UPDATES FROM KASEYA:
“To date, we are aware of fewer than 60 Kaseya customers, all of whom were using the VSA on-premises product, who were directly compromised by this attack. While many of these customers provide IT services to multiple other companies, we understand the total impact thus far has been fewer than 1,500 downstream businesses. We have not found evidence that any of our SaaS customers were compromised.” Kaseya said in an update on the attack.
HOW DID THIS HAPPEN?
- The attackers exploited a previously unknown flaw in Kaseya’s VSA software, which is used by MSPs and their customers. VSA is remote monitoring and management software, which is used to manage endpoints, such as PCs, servers, and cash registers, as well as manage patching and security vulnerabilities.

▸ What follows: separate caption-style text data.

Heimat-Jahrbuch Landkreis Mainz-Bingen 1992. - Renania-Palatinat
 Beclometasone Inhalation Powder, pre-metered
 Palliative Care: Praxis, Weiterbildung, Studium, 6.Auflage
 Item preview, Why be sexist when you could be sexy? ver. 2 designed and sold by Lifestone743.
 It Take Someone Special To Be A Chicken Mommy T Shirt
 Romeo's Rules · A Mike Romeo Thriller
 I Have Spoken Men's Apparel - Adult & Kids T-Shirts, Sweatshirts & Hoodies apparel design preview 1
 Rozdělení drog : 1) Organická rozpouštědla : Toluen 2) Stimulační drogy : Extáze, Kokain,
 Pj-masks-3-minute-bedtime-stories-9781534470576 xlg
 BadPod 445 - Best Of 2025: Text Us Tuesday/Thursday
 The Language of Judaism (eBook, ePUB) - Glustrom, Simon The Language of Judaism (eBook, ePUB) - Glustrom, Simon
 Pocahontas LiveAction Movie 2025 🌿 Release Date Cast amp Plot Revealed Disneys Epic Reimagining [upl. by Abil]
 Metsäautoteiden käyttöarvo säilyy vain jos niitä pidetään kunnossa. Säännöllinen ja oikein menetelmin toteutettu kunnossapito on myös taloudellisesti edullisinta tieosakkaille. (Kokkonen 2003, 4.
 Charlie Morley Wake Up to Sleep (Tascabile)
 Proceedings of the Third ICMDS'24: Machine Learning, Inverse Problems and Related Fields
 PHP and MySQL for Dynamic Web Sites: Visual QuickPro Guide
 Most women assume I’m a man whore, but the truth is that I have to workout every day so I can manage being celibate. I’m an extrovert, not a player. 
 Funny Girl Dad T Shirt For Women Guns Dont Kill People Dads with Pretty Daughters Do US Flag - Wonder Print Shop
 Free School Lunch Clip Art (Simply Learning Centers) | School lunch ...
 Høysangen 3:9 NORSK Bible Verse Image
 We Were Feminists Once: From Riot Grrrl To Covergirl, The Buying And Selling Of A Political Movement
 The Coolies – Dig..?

- On Sunday, the attackers asked for $70 million in exchange for a universal decryption tool that would supposedly resolve the REvil issue for Kaseya and its customers.
- Kaseya noted that it had not received reports of VSA customers that had been compromised since Saturday. It says that no other Kaseya products were compromised.
- While Kaseya’s software-as-a-service (SaaS) line of VSA was not affected, its servers were taken down during the incident response and remain offline today.